Piper shaves Apple estimates, sees slower Mac growth

By Slash Lane

Investment bank Piper Jaffray said Thursday that weakness in consumer spending will bite into PC sales next year, including Apple's, leading the firm to cut its 2009 sales estimates for the Mac maker along with the broader market.

Although there's no evidence to suggest that Mac sales have slowed thus far, analyst Gene Munster cited "low visibility" into next year's environment as reason to adopt a conservative approach and model Mac sales growth to drop from 43% year-over-year in 2008 to 10% year-over-year in 2009.

"The primary reason for our universe-wide estimate cuts is that the economic and consumer spending outlook has deteriorated significantly over the last month, which we expect to continue through 2009," he wrote in a note to clients.

Apple has seen its Mac sales grow at approximately 2.5 times the industry average for the better part of this year, but that rate is likely to contract to approximately 2 times the industry average next year, the analyst added.

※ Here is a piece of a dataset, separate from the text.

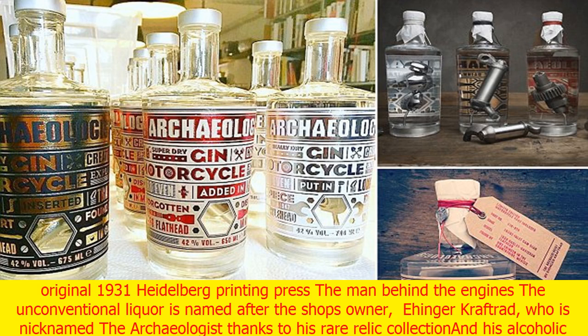Just like in the 1930s, the archaeologist's presentation honors the way motorcycle parts were packaged back then, down to the use of an original 1931 Heidelberg printing press.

As such, Munster reduced his 2009 calendar year revenue estimate on the Cupertino-based company by 5%, modeling overall revenues to be up approximately 25% for the year compared to his previous estimate of 32%.

"Our reduction is primarily driven by macroeconomic headwinds causing overall PC sales to grow at about 5% year-over-year in 2909," he wrote. "We believe Macs will continue to gain share, but we are reducing our year-over-year growth to 10%, down from 16% previously."

Specifically, the analyst expects Apple to generate 2009 calendar year revenues of $41.22 billion on sales of 11 million Macs, 45 million iPhones, and 41.2 million iPods.

He continues to recommend that investors Buy shares of Apple, but lowered his 12-month price target from $250 to $235.